One of his boats made it a hundred miles up the Mississippi where it was met by a stunned Siuer de Bienville, the French governor of the region.

Bienville courteously informed the English captain that the river and its valley were already claimed by the King of France. Damn that stipulation in the grant!

And that looked like the end of things for Dr. Coxe and his dream of an American colony.

Fast forward nearly three centuries, to the mid 1980s.

The Houston Fire Department wanted to expand a maintenance building near Buffalo Bayou, just outside of downtown.

They uncovered a whole lot of graves dating back to the Civil War era. Not entirely unexpected. People knew that area had been the old City Cemetery. The graves were supposedly moved in the 1920s to make way for progress, but sometimes they just moved the stones.

Dr. Kenneth Brown, archaeologist at the University of Houston, was called in to investigate. What he found amazed him.

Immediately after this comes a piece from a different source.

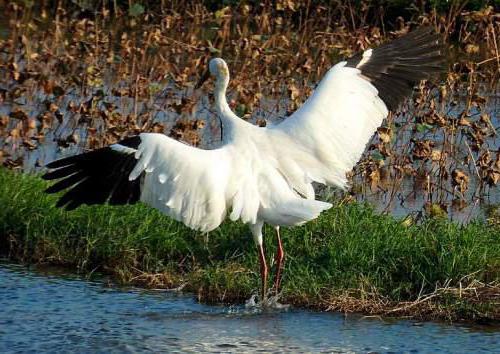 белый журавль стерх красная книга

Among the 19th century graves he found nearly sixty “black earth burials”. That means the body was wrapped in a shroud and buried without a coffin with organic material piled atop to hasten decay. All were buried with the feet to the East.

Only one group of people ever buried their dead in this manner: the English. The City of London in 1563 mandated this form of burial for persons who died of disease. It was supposed to stop the spread of disease which was thought to be caused by fumes arising from the deceased.

Ceramic sherds and tobacco pipes found in these graves date from the 1600’s and are typical of those used in English colonies of that period. Not only that, there had one time been a ten foot moat surrounding the area, and evidence of structures built in the English manner was found.

There is certainly more research to be done, but the evidence looks pretty clear: there was a seventh flag that flew over Texas.

Old News

March 30, 1859 - The first meeting of locomotives in Texas.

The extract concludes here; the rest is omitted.